Yea as ahmadss describe above, web3 and discord is as close as you can get to this experience.

A good friend had a really cool way of describing the evolution from web1(aol / dialup era) -> web3

Web 1 was unmitigated chaos, lots of creativity, lots of experimentation, lots of illegal activity, not a lot of money being made

Web 2 was ordered chaos, lots of money being made everywhere, not a ton of creativity but lots of business value creation

Web 3 is the best of both worlds (and some of the worsts). Lots of creativity, boundless energy, lots of value but also lots of fraud.


Is it the best of both worlds only because there is money being made?


this describes the web3 + discord scene accurately today, but instead of Visual Basic, kids today are using Replit.


A more interesting bit of AOL era ephemera was that we used away messages as people use Twitter today. In the AOL client you could set a short message (just a few hundred characters) as an away message that others would see if they had you in their contacts. People started to constantly set themselves 'away' with messages about what they were up to, how they were feeling, etc. I'm sure this likely influenced Jack Dorsey and the other early folks at Twitter since they were growing up and using AOL at the same time.


Always had to find that perfect lyric to convey the message. What a time.
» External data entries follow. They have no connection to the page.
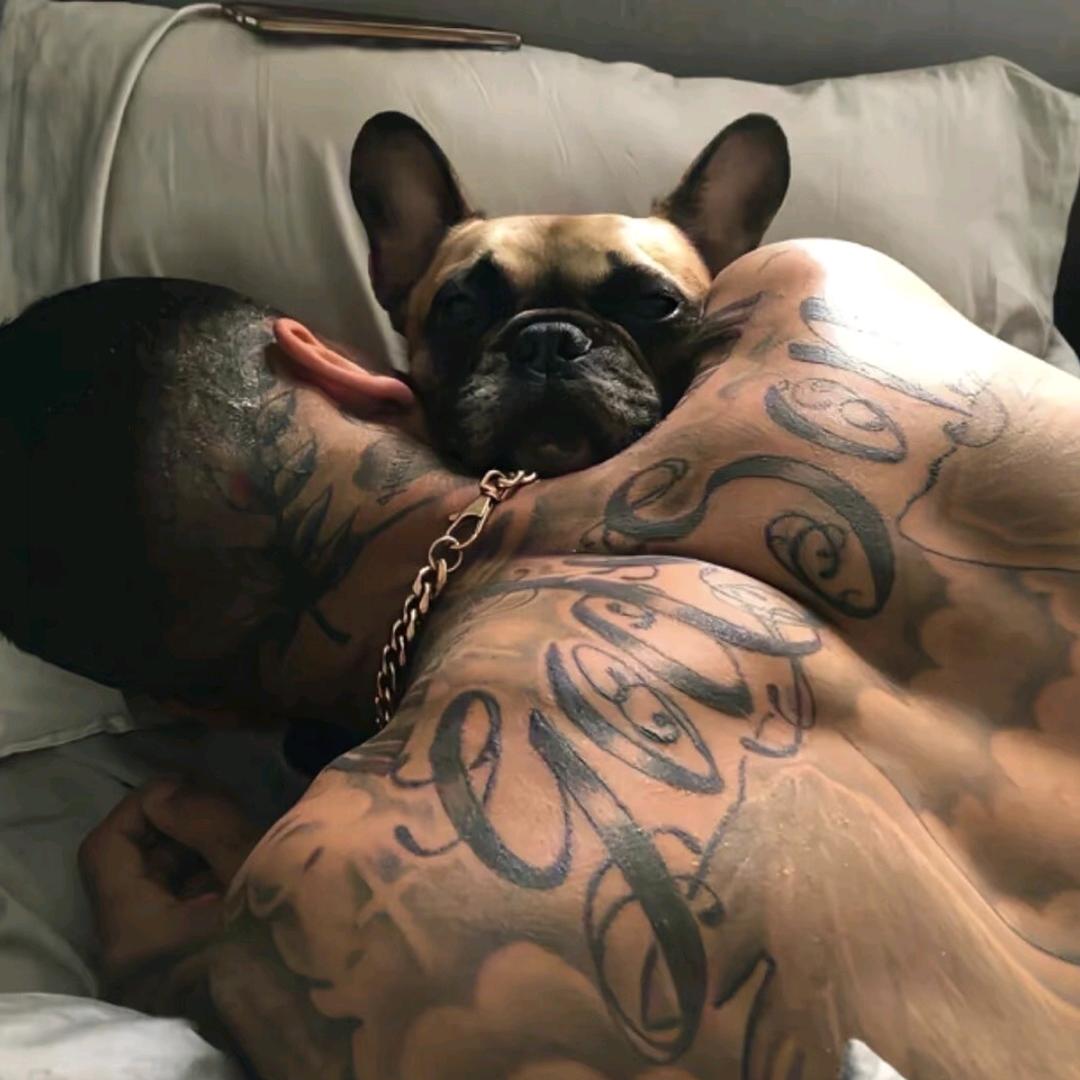 你不要给我哇哇叫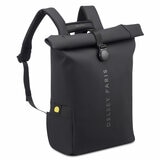 Delsey Turenne Rolltop Backpack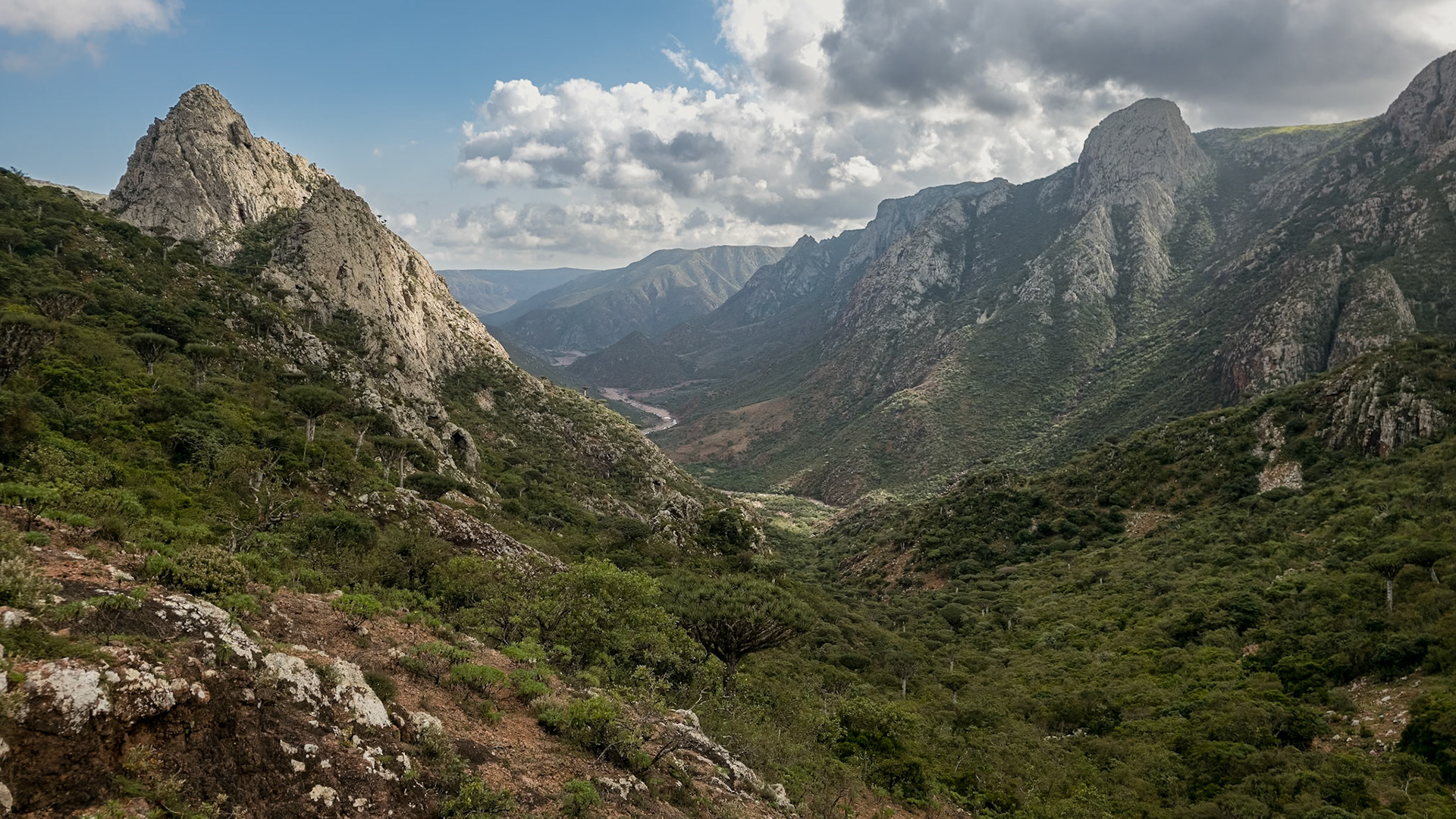 | Socotra  Oct '24 | Day 4 | October 10th | Mount Haggeher Trek | Adho di Meleh - Wadi Dhamdhar |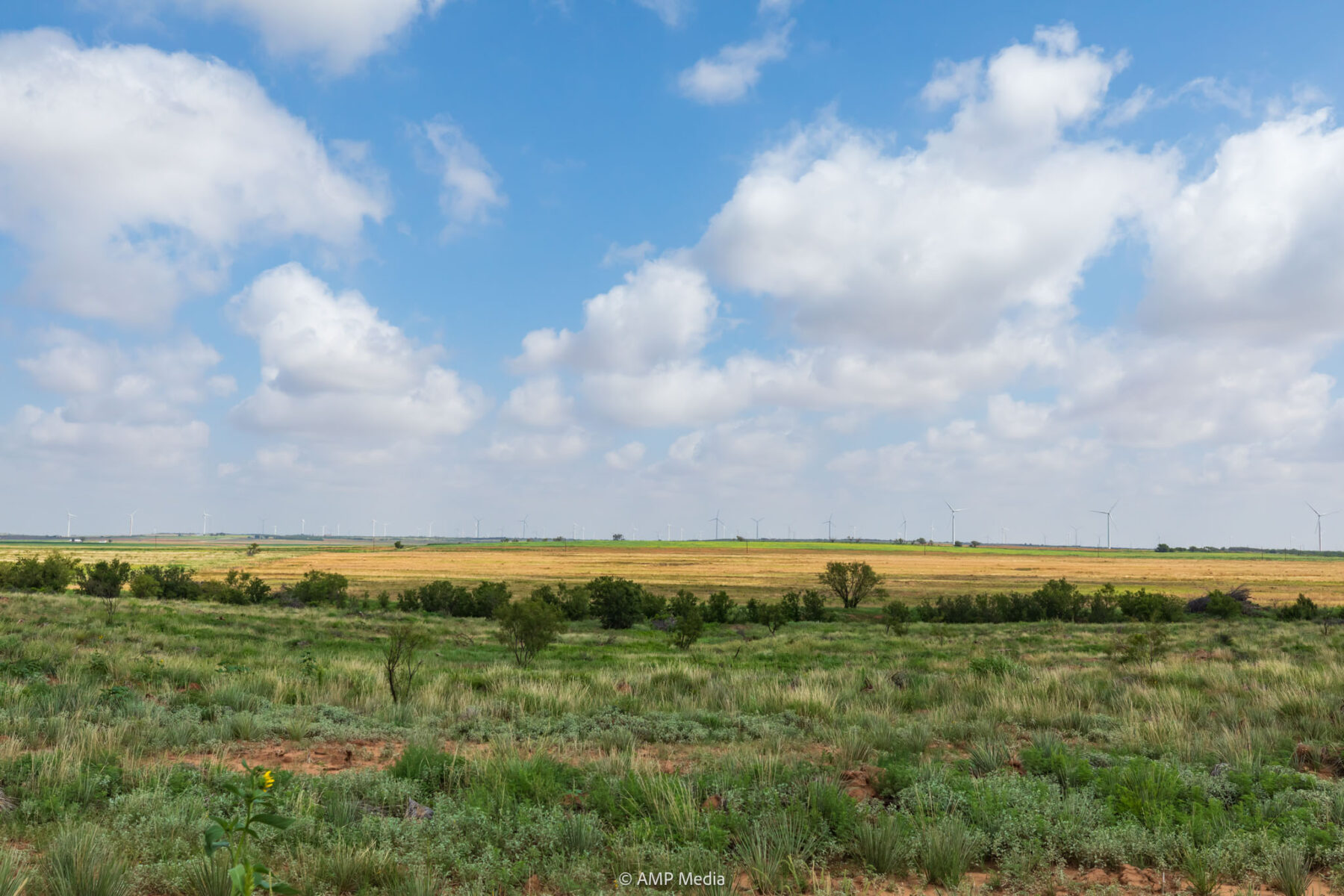 Property Photo 14 Property photograph 14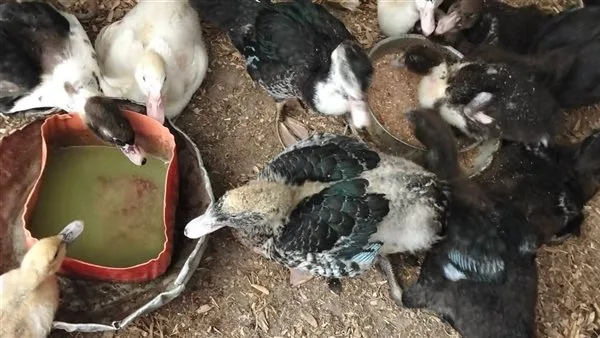 «مائدة المواطن تحت المجهر» تغيرات تكلفة الدواجن يوميًا بأسواق الغربية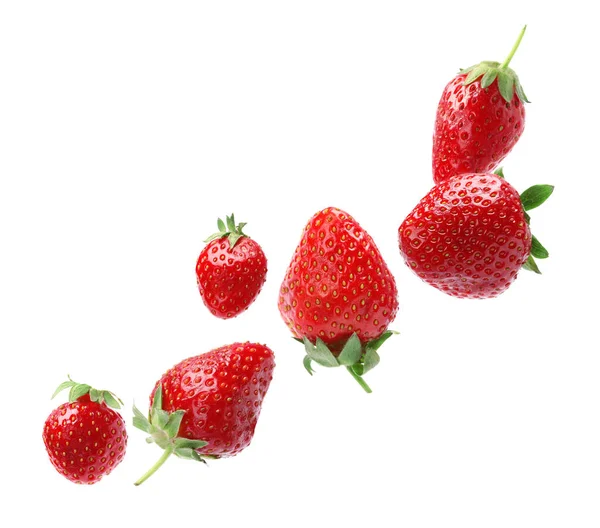 Beyaz arka plana düşen olgun çileklerle kurulmuş. 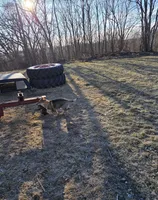 no collar, a female German Shepherd Dog for sale in Fennimore, WI – Photo 6 of 9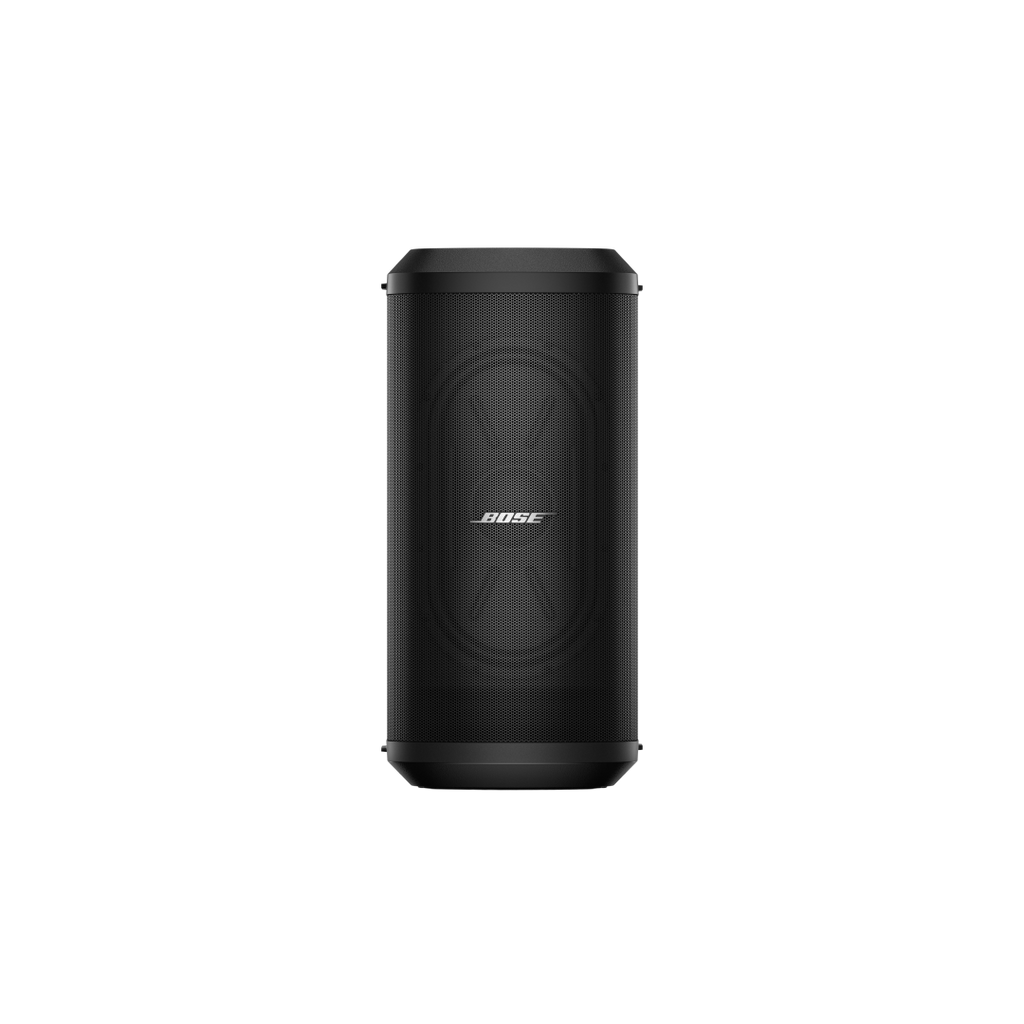 Bose Sub1
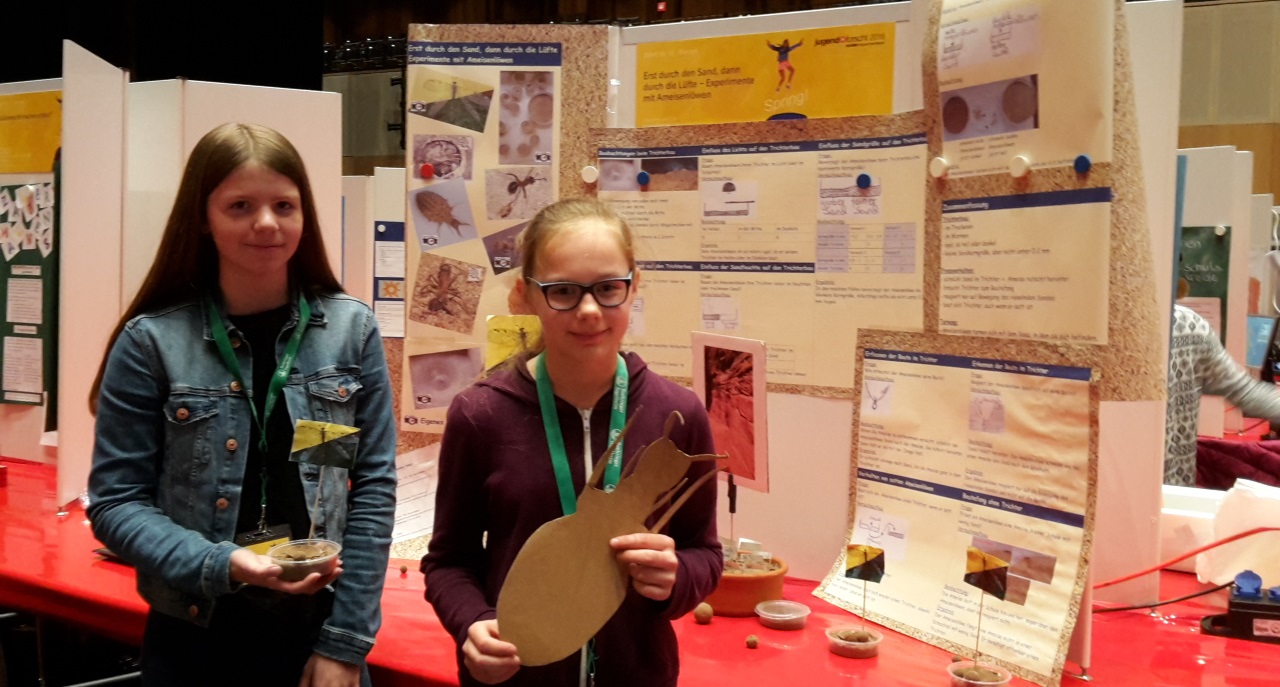 SchüExp-2018-Ingelheim-Ameisenlöwe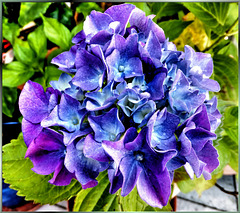 Hortensie heute in blau. ©UdoSm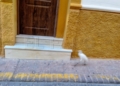WhatsApp Image 2024 05 01 at 20.21.22 Dos niños rescatan a una garza extraviada en Ataque Seco
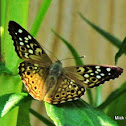 Hackberry Butterfly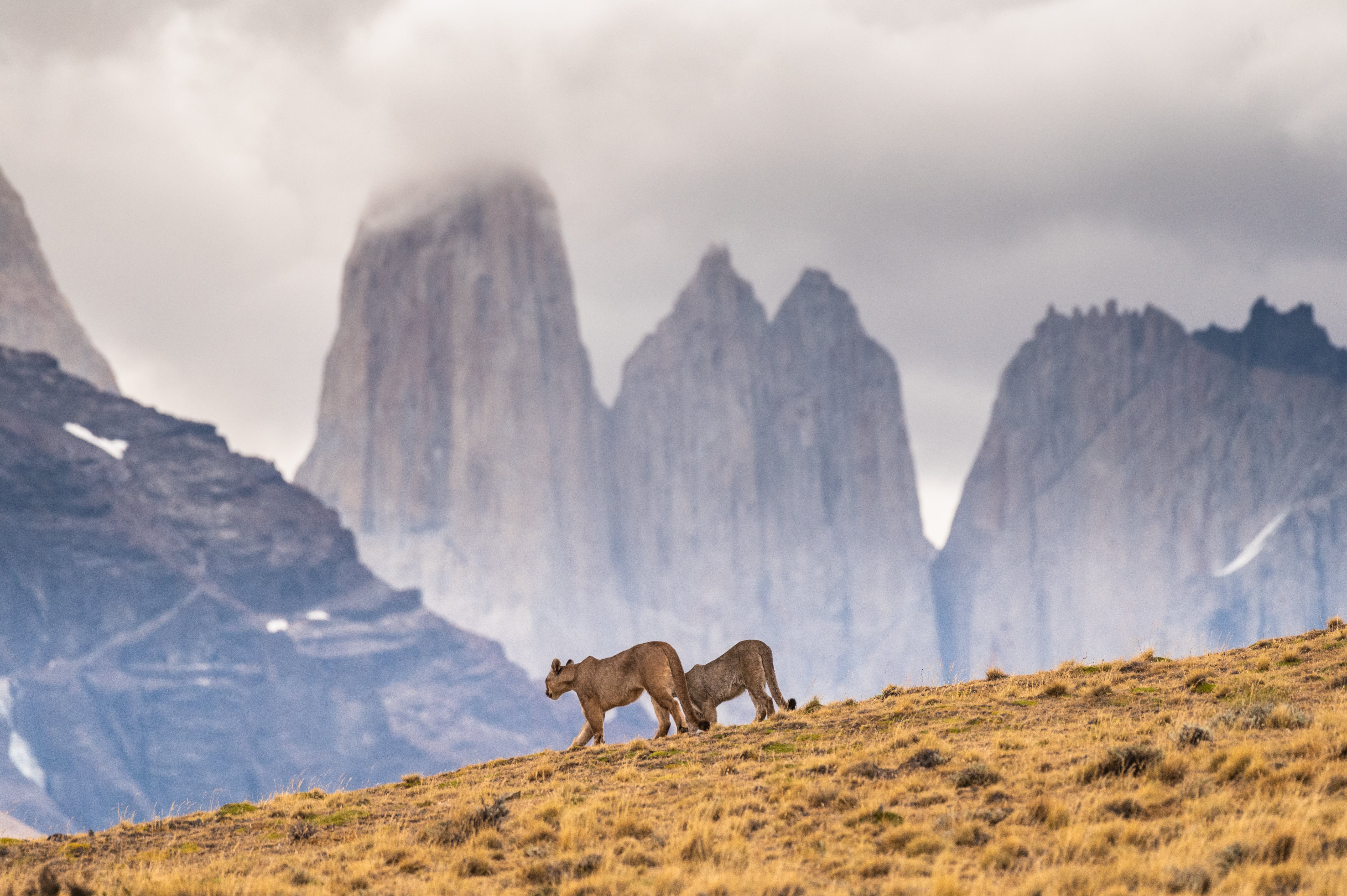 Torres Del Paine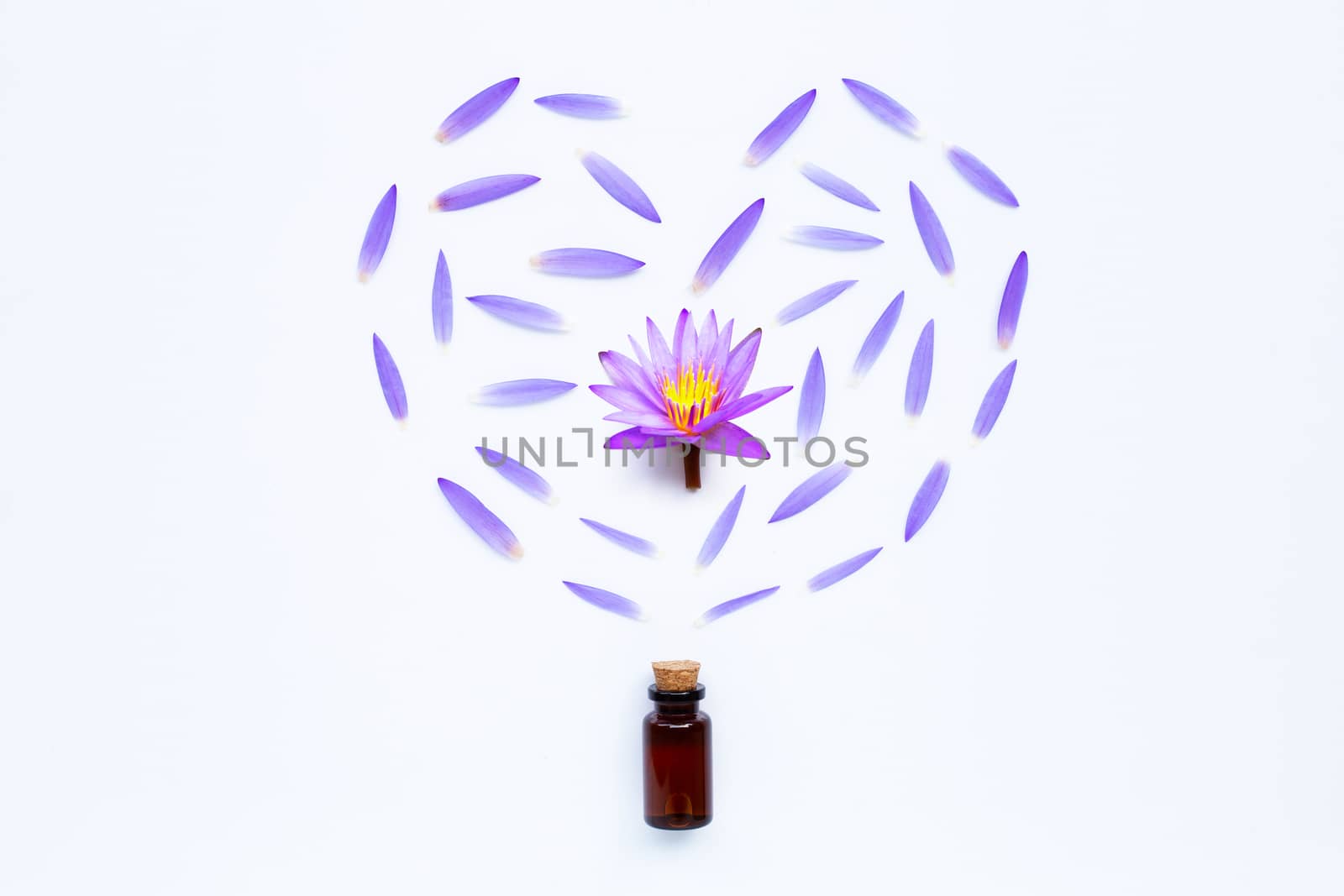Essential oil with Purple lotus flower on white background.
This whole thread (including your username) is a warm nostalgia bomb.

Gonna have to go download some ZZT files now. I’ve heard there’s somewhat of a community around it again.


More like finger from Unix.


My friend once (23 years ago) sent a wall at a local community college and had a Unix admin angrily stare at him through the classroom window. I distinctly remember him saying “if they didn’t want me to do that they shouldn’t run walld” and I couldn’t disagree lol


Good to see an article around this era of "hacking" (writing punters in VB). I haven't seen too much about it and I'd love to know if there are others.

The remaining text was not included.